Mais, le mercredi 20 septembre, on lui refuse l’accès nocturne parce qu’il a la tête couverte de poux. Fâché de ce changement radical, il affirme que, si on ne veut pas de lui de bon gré, on le recevra de force. Aussitôt dit, aussitôt fait, il casse le réverbère à côté du commissariat avec un caillou volumineux.
Le stratagème fonctionne bien puisqu’il termine sa journée comme il le souhaitait, en prison. Cette dégradation de bien public lui vaut dès le lendemain une condamnation de 48 heures sous les verrous. Pierre s’exclame alors : « ah, ben v’là quequ’chose de bon, 48 heures ! Au bout de trois jours, je serai obligé de recommencer ».
Ce récidiviste en puissance me donne l’occasion de parler du premier pensionnaire du violon du bourg d’Yzeure.
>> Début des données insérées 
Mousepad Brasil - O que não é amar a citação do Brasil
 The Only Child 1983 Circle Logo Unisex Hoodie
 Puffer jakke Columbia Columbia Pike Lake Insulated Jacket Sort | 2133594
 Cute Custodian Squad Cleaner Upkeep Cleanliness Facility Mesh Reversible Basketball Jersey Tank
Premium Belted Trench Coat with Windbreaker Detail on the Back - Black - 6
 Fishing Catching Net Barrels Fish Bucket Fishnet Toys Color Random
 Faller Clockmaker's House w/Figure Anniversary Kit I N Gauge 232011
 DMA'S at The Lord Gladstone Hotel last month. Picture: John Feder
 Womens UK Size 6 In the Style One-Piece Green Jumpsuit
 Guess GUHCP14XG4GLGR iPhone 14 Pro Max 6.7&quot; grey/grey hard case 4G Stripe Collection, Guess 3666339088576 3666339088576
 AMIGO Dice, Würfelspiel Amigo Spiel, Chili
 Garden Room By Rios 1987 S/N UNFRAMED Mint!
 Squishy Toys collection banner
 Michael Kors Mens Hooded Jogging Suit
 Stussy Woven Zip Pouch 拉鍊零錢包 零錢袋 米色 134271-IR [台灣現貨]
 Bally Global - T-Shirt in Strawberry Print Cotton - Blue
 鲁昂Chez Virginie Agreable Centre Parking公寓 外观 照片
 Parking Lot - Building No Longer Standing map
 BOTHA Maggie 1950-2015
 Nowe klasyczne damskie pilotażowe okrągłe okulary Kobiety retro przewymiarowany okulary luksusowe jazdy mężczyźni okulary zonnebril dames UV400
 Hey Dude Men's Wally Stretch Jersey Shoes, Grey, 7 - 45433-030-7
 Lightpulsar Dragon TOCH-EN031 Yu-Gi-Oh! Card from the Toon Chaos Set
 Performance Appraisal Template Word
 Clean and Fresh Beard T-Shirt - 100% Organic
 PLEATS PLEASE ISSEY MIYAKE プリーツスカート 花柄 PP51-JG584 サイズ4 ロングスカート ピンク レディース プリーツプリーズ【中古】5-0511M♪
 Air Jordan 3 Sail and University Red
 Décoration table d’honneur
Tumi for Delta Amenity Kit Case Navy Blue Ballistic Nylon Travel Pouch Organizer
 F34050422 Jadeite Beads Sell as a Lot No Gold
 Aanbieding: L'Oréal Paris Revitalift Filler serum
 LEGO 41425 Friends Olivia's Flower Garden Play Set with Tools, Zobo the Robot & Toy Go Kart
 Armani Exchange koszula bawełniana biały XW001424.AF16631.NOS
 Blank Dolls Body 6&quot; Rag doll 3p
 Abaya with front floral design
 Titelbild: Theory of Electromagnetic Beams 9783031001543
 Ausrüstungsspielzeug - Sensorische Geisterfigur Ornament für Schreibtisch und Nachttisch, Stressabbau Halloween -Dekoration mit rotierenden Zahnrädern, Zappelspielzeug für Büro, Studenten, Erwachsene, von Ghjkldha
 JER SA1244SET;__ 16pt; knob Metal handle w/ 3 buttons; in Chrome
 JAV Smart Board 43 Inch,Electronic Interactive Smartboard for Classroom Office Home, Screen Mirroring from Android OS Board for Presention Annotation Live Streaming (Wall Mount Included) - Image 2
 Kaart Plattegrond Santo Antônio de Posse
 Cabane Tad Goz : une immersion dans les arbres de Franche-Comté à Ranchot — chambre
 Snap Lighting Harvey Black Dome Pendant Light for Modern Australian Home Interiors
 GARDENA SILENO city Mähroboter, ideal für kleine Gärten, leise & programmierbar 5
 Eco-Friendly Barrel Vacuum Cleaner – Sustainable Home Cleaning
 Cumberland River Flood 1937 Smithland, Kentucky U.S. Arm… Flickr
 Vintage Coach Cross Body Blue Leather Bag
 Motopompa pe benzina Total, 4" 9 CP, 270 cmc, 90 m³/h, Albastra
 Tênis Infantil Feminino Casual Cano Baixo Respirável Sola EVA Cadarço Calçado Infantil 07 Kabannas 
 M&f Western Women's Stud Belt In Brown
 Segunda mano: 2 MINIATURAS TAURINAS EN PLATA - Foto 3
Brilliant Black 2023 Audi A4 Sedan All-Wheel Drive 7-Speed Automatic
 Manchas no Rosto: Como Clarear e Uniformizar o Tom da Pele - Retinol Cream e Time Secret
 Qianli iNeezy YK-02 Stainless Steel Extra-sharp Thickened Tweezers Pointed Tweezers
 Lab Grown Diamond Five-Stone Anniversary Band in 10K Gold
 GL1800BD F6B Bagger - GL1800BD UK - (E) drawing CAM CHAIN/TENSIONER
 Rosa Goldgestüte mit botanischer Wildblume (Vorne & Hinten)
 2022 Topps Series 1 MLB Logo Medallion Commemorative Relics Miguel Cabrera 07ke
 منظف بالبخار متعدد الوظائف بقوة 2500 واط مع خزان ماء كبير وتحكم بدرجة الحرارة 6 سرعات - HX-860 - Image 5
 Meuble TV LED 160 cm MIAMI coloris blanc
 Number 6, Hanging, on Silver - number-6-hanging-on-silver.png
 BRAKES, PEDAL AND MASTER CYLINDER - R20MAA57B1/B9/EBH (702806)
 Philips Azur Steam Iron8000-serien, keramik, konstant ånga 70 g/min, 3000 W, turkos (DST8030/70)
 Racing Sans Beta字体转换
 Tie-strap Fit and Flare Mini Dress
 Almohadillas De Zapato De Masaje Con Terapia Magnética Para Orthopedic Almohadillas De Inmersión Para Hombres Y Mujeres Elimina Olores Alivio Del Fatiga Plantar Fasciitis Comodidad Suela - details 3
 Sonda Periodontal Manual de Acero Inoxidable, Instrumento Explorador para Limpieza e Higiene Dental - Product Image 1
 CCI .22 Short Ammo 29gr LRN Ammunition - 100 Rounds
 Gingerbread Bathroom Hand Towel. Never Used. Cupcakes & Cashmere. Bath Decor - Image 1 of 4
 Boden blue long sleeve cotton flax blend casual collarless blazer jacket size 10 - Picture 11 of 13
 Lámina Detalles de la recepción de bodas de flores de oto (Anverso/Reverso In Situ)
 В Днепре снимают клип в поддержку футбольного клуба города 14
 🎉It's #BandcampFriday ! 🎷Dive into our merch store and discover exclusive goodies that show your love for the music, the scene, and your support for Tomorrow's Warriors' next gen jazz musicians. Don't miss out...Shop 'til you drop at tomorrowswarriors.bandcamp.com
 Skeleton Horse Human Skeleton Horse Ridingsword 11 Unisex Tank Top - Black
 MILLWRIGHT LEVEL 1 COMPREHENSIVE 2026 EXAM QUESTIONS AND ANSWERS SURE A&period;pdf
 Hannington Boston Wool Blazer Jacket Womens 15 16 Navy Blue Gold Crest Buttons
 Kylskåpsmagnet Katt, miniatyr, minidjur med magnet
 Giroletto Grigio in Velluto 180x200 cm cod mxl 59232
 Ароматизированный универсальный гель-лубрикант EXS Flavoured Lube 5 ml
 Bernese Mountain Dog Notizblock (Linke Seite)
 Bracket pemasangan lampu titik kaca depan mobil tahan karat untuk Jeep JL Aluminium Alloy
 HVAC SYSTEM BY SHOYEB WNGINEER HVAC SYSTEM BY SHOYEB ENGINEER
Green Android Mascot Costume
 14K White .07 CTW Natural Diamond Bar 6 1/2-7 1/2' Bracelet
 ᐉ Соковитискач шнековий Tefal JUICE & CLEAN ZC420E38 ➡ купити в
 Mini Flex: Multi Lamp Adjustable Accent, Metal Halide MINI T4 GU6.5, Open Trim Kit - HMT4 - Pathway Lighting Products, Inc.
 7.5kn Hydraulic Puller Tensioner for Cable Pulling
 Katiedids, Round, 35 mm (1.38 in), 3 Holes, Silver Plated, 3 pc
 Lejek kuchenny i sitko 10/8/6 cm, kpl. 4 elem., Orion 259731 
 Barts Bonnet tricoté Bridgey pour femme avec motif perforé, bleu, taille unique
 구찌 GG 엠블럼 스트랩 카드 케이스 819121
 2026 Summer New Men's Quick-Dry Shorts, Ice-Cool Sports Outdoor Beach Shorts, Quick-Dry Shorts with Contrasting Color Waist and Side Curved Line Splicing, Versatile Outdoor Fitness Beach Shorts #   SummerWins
L’histoire se passe en novembre 1900. L’après-midi du mardi 13, le garde-champêtre d’Yzeure, Monsieur Schmidt, est sur sa bicyclette dans le boulevard président (actuel boulevard Jean-Jaurès). Il ne peut pas ne pas voir quelqu’un couché sur le trottoir, ivre, qui insulte les passants. Pour Monsieur Schmidt, c’est une bonne raison pour « étrenner » son violon tout nouveau. L’ivrogne n’arrivant pas à marcher, Monsieur Schmidt n’hésite pas à s’adresser à un jeune jardinier yzeurien qui arrive en voiture à ce moment-là. Le buveur est assis tant bien que mal dans le véhicule pour être conduit en cellule. Il se trouve qu’il vient juste de sortir de la maison d’arrêt de Moulins après une peine de trois mois. Comme il avait 3,50 francs dans ses poches, il s’est chargé d’en faire bon usage dans les cafés sur son chemin. Cet homme de 70 ans qui se prénomme Jean est originaire de Linard dans la Creuse. Une fois remis en liberté, il déclare qu’il ne remettra plus les pieds à Yzeure.
Cette signification de violon remonterait à l’époque de Louis XI. On enfermait les pages, les valets au moment des audiences du Parlement parce qu’ils étaient trop bruyants. Pour les occuper pendant ces quelques heures, un violon était mis à leur disposition.